Performing email threading analysis is governed by the ‘Can perform email threading’ permission. Users who are not granted with it will not see the Email Threading action in the contextual menu.

As email threading is a computationally expensive algorithm, it requires an explicitly triggered post-processing step. To start the Email Threading procedure, select one or more items in the Details view and select “Email Threading…” in the right-click menu. This will open the dialog shown below:

Email Threading Dialog

Select Discard existing email threading data if you want to clear the Email Thread facet and all the data generated as part of previous runs of Email Threading procedure.

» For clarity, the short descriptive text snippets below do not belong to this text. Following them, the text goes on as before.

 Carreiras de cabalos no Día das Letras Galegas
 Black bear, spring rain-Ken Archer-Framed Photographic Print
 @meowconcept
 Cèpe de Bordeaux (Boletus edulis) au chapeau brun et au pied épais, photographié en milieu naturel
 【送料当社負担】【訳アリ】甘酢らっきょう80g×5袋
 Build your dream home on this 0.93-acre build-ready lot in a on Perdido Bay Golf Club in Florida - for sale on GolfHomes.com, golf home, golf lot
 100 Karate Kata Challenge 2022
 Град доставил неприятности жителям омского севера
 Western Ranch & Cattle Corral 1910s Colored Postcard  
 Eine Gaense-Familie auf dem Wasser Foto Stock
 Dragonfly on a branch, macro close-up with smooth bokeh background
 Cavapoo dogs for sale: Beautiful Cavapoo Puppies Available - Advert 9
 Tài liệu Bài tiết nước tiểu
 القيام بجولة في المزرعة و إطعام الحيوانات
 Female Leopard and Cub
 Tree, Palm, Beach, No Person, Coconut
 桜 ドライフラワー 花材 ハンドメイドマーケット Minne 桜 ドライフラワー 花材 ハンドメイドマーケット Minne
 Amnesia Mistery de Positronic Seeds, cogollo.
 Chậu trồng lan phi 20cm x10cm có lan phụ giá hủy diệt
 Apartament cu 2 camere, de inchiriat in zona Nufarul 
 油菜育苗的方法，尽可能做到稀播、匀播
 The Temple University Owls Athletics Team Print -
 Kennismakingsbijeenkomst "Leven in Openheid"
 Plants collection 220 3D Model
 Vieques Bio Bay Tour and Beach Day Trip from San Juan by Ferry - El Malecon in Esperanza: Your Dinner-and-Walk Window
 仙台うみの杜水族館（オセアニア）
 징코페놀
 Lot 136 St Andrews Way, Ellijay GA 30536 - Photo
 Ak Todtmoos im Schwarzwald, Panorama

Select Analyze headers embedded in email body if you want the algorithm to take the headers embedded in the email body into account. Such headers are typically placed above the quoted text, referencing the original author and time of the quoted text and sometimes other metadata. This can be used to link emails together when the SMTP or mail container-specific metadata is missing or incomplete. This option may produce better results but is computationally expensive. When speed is not of the essence, we recommend turning this feature on.

Click the Run button to start the email threading process.

Once the process is done, the Email Thread facet will be populated and the email items that were part of the threading analysis will be augmented with the threading-related information.

Besides processing the selected items, Intella will automatically process all duplicate items and parent items as well.

Note

The “Analyze paragraphs” indexing option is a prerequisite for determining the inclusiveness of emails. If this option was not used during indexing, all emails will be marked as Inclusive.